START Data

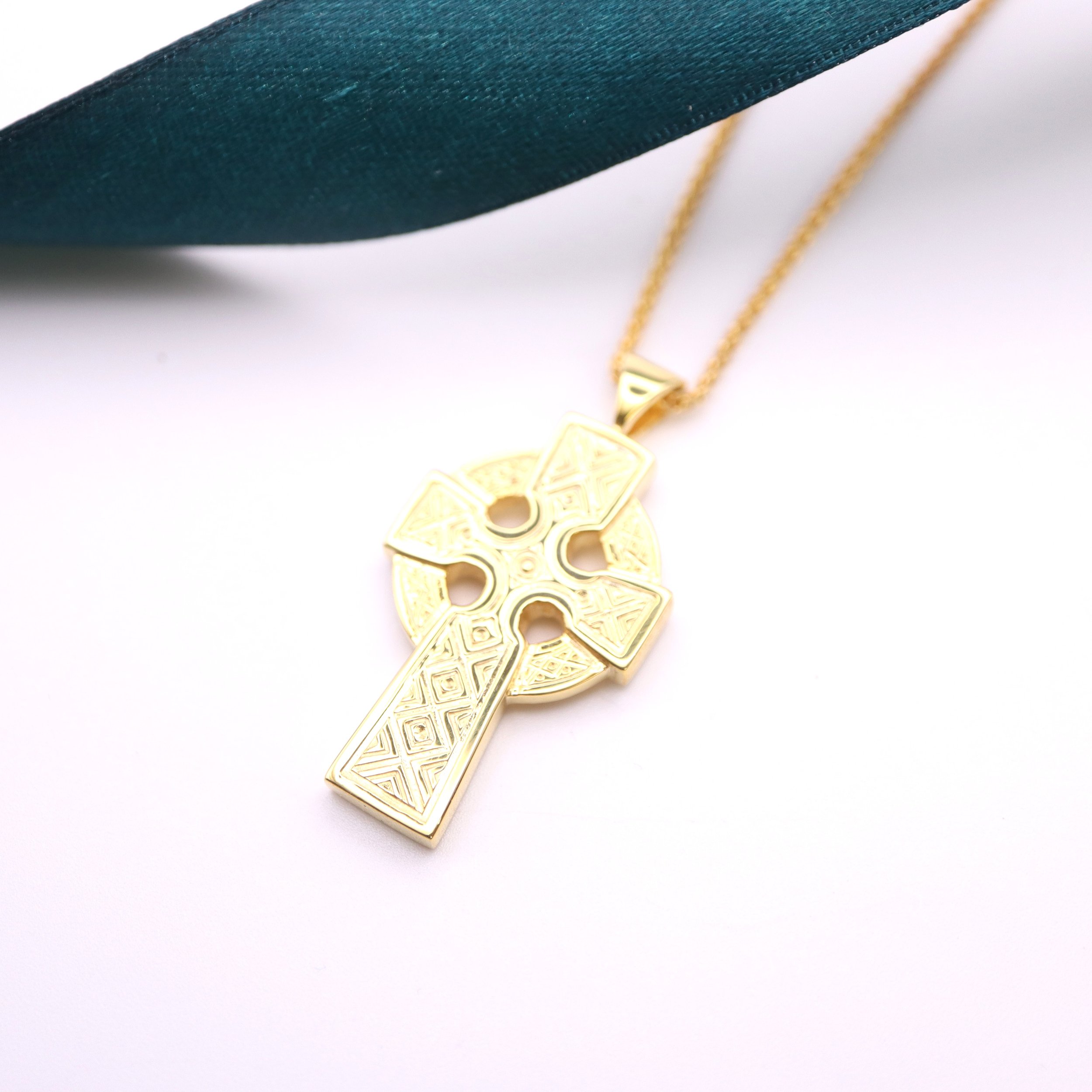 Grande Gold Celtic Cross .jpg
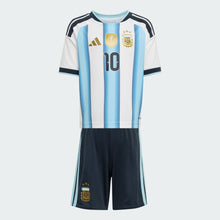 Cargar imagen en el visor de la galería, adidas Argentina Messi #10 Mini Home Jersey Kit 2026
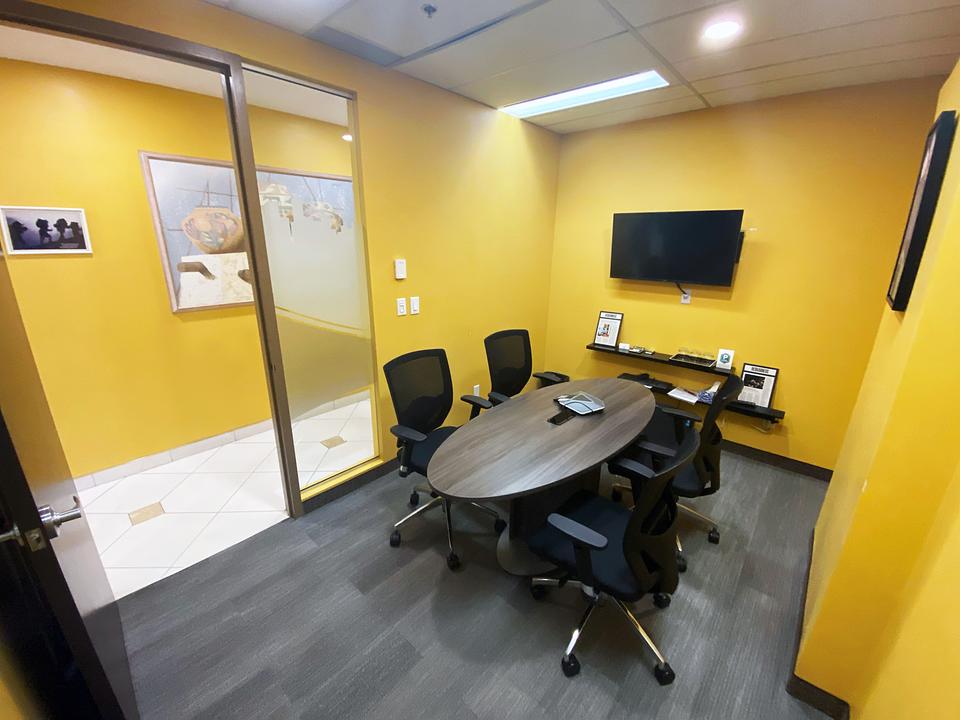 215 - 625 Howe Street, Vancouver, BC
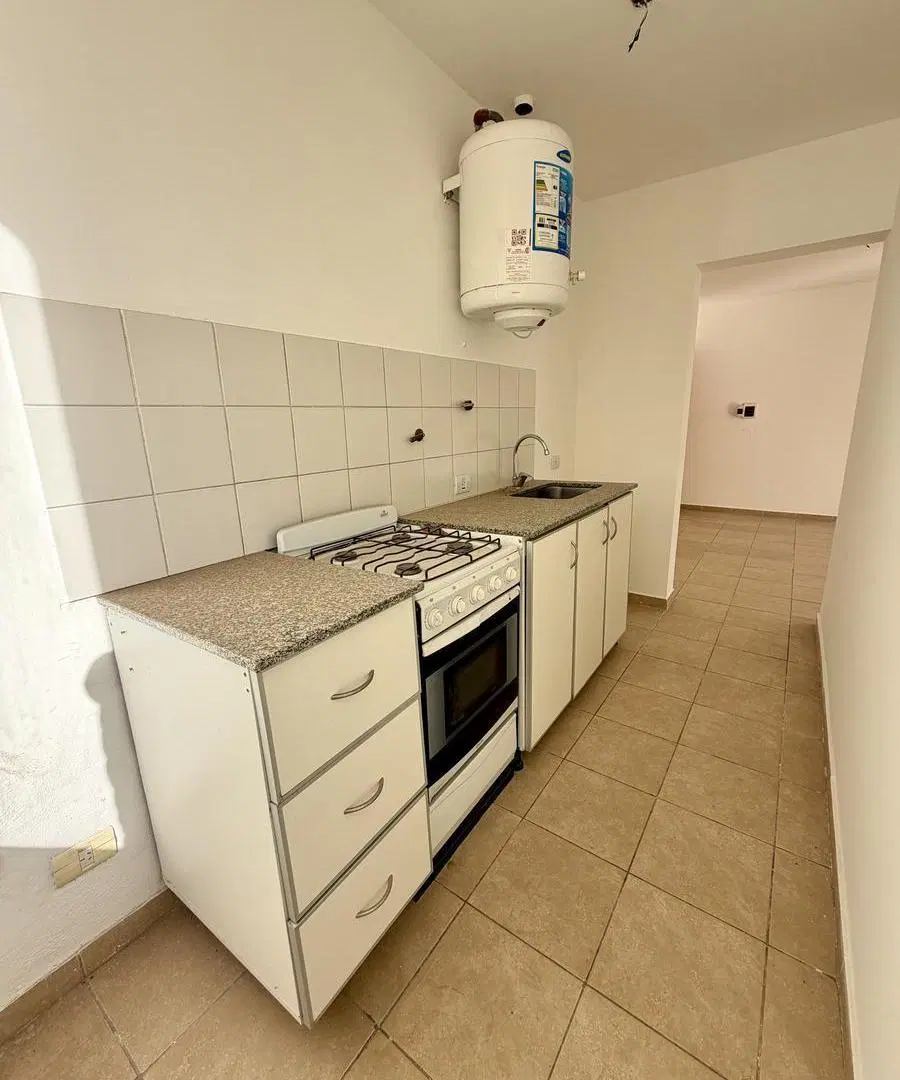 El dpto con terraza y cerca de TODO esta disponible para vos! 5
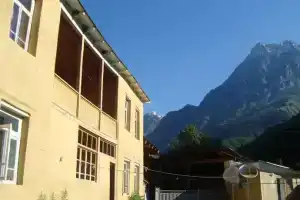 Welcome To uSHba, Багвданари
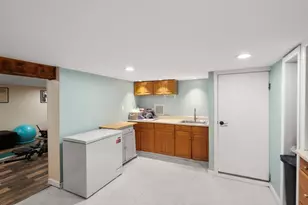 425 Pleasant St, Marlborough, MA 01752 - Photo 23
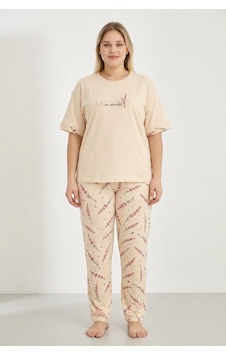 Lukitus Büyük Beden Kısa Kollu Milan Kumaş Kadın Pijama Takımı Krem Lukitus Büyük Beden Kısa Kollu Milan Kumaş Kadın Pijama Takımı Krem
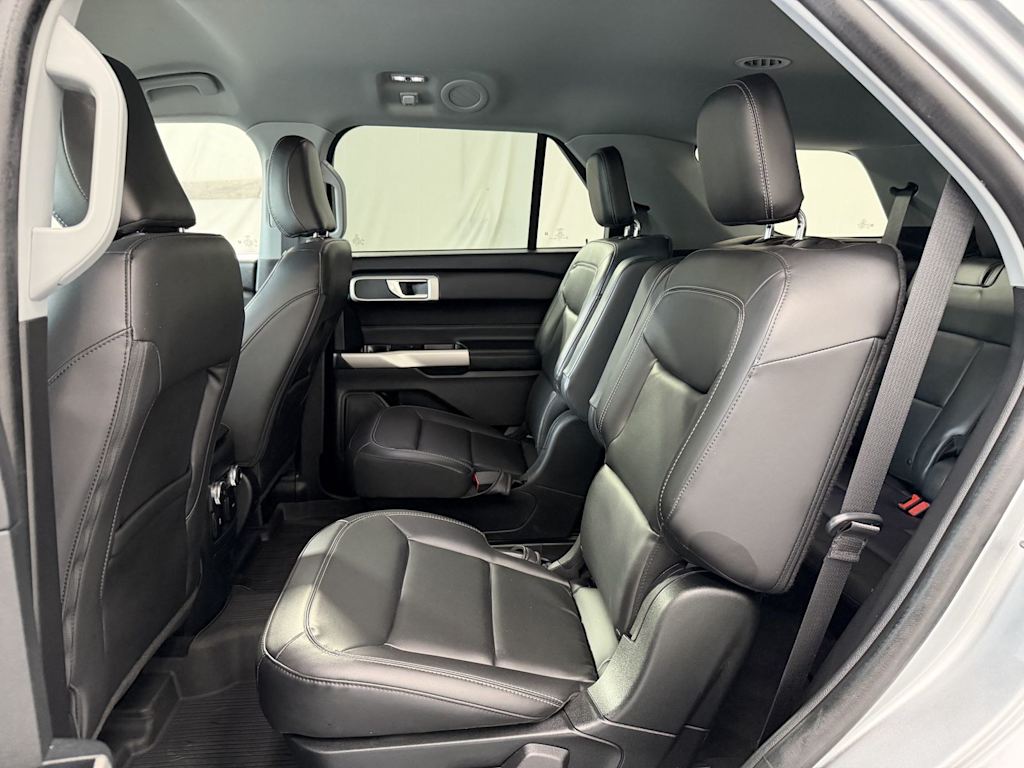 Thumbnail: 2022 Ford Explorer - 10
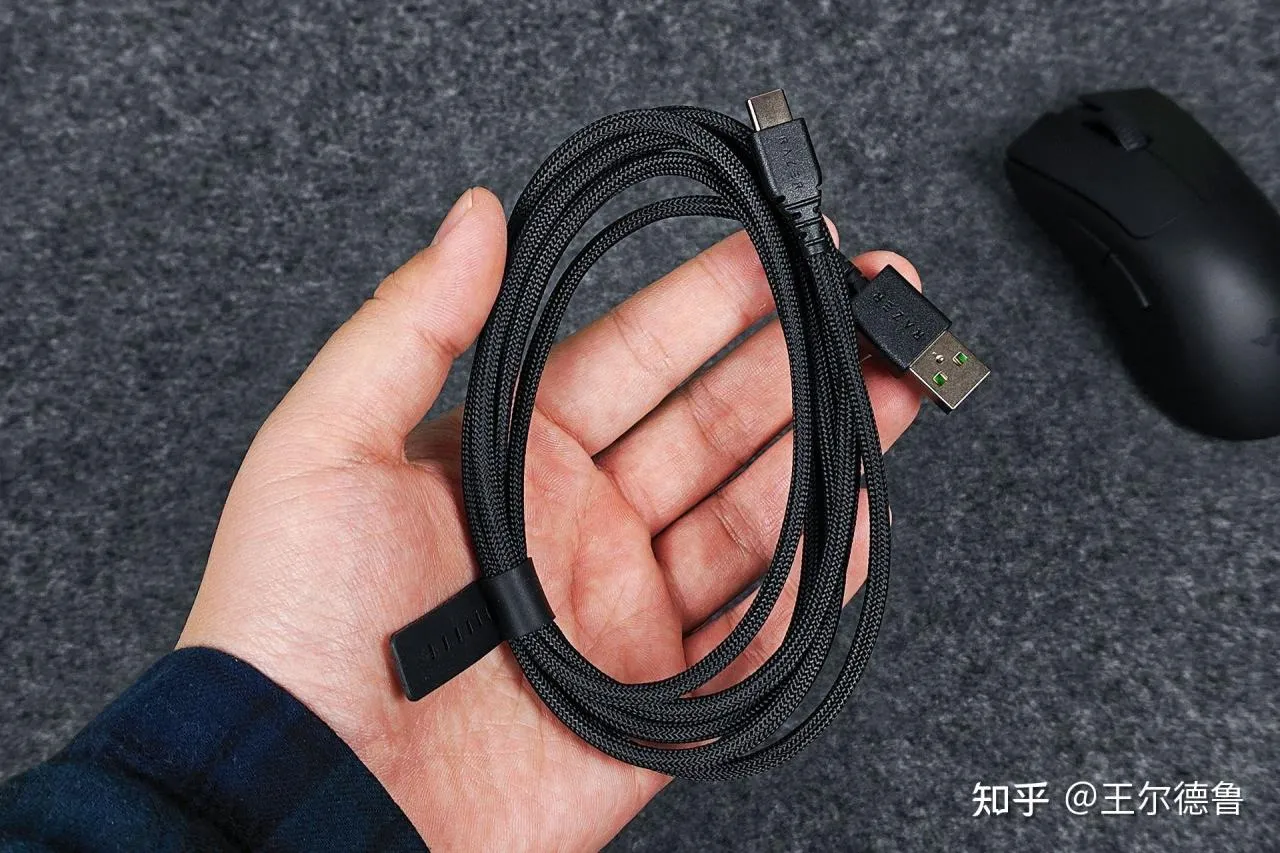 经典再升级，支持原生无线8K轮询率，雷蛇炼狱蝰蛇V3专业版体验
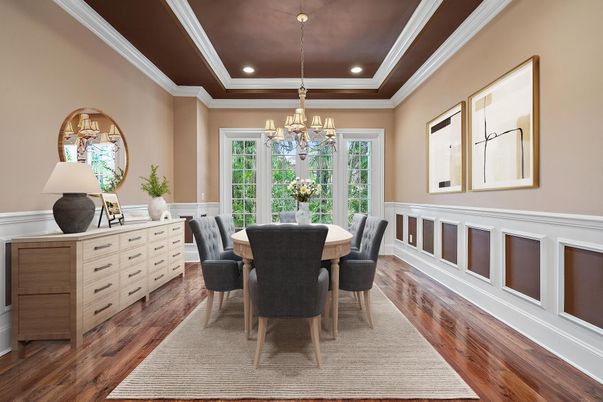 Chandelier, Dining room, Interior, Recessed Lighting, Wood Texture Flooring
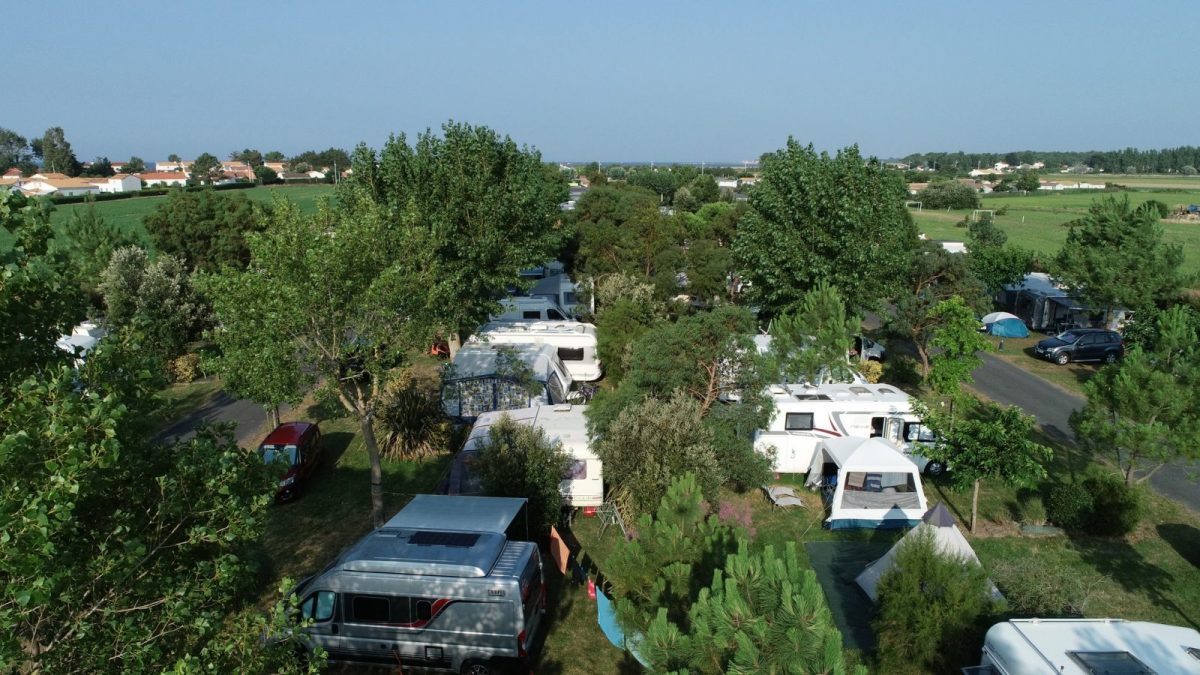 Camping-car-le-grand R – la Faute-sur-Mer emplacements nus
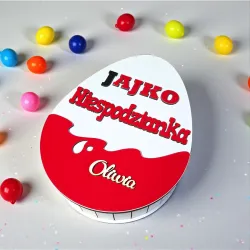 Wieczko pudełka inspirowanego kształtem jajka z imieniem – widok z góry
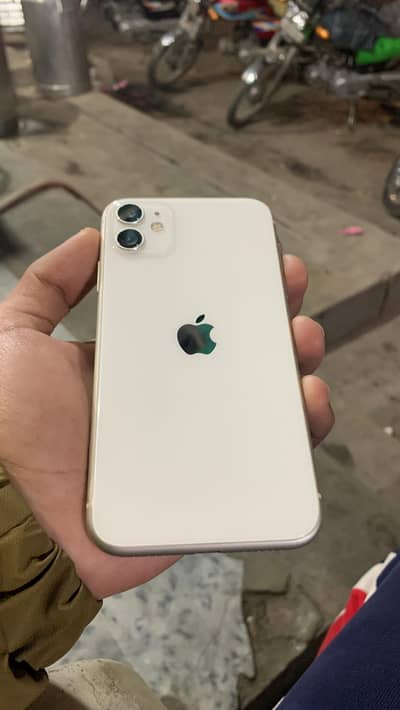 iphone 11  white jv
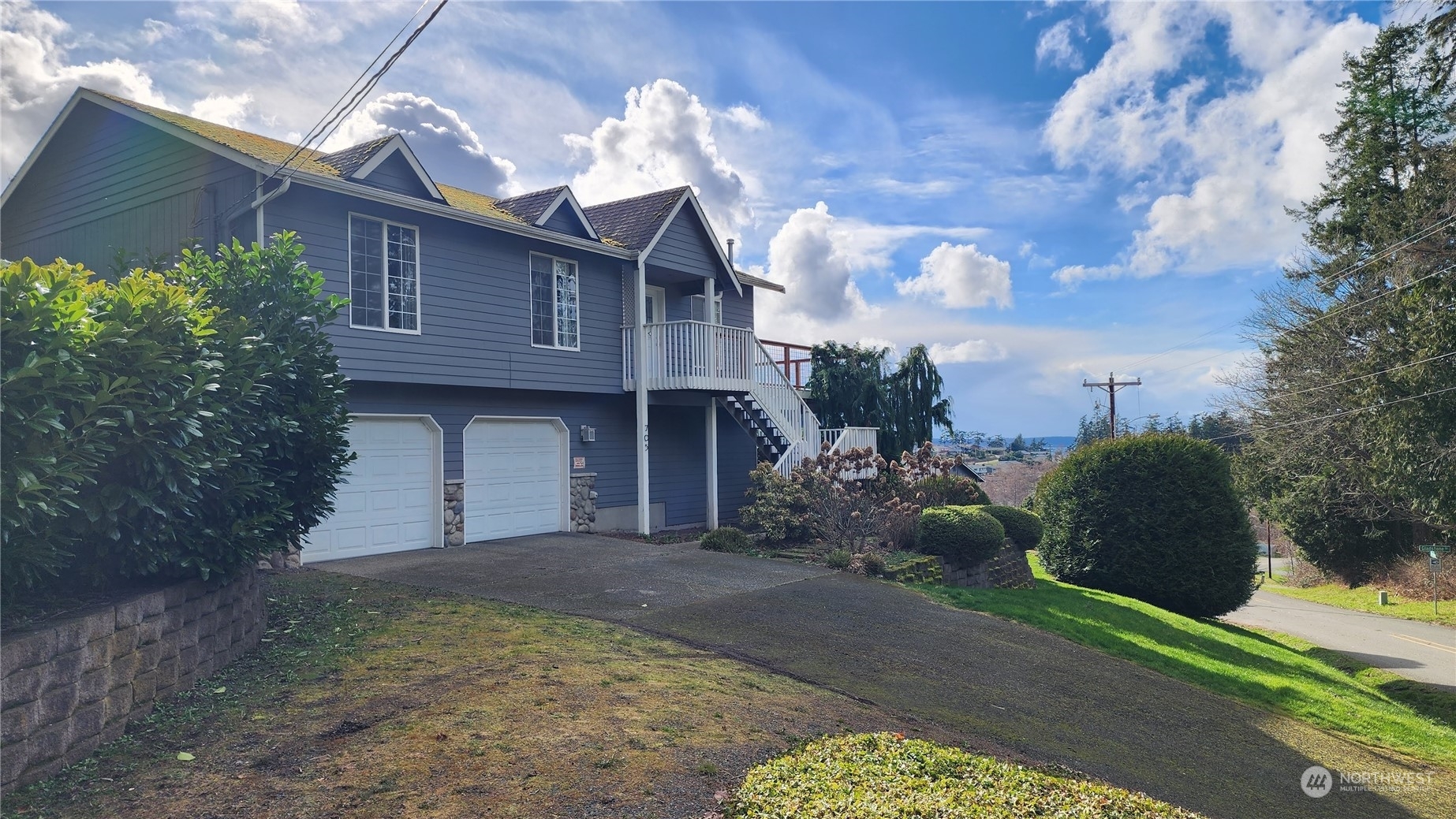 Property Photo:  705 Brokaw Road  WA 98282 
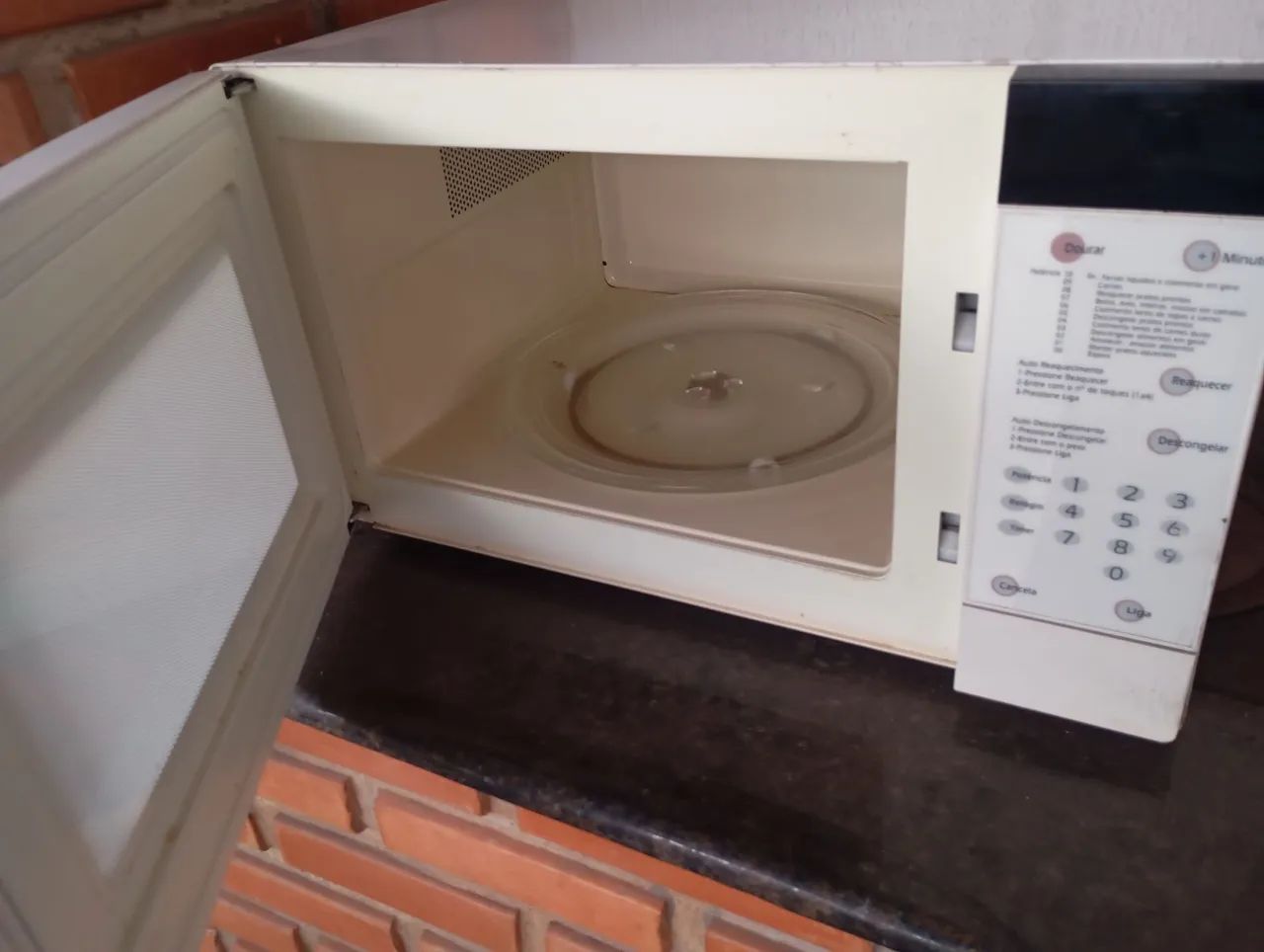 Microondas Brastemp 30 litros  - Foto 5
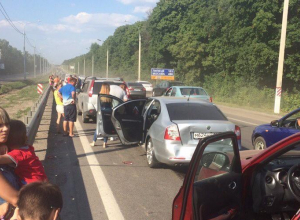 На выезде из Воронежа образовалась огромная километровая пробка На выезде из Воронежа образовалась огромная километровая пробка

END Data

• To do:
Only the pictures are to be left out; copy all the remaining material above exactly.

• Reply:
 Grande Gold Celtic Cross .jpg
 Cargar imagen en el visor de la galería, adidas Argentina Messi #10 Mini Home Jersey Kit 2026
 215 - 625 Howe Street, Vancouver, BC
 El dpto con terraza y cerca de TODO esta disponible para vos! 5
 Welcome To uSHba, Багвданари
 425 Pleasant St, Marlborough, MA 01752 - Photo 23
 Lukitus Büyük Beden Kısa Kollu Milan Kumaş Kadın Pijama Takımı Krem Lukitus Büyük Beden Kısa Kollu Milan Kumaş Kadın Pijama Takımı Krem
 Thumbnail: 2022 Ford Explorer - 10
 经典再升级，支持原生无线8K轮询率，雷蛇炼狱蝰蛇V3专业版体验
 Chandelier, Dining room, Interior, Recessed Lighting, Wood Texture Flooring
 Camping-car-le-grand R – la Faute-sur-Mer emplacements nus
 Wieczko pudełka inspirowanego kształtem jajka z imieniem – widok z góry
 iphone 11  white jv
 Property Photo:  705 Brokaw Road  WA 98282 
 Microondas Brastemp 30 litros  - Foto 5
 На выезде из Воронежа образовалась огромная километровая пробка На выезде из Воронежа образовалась огромная километровая пробка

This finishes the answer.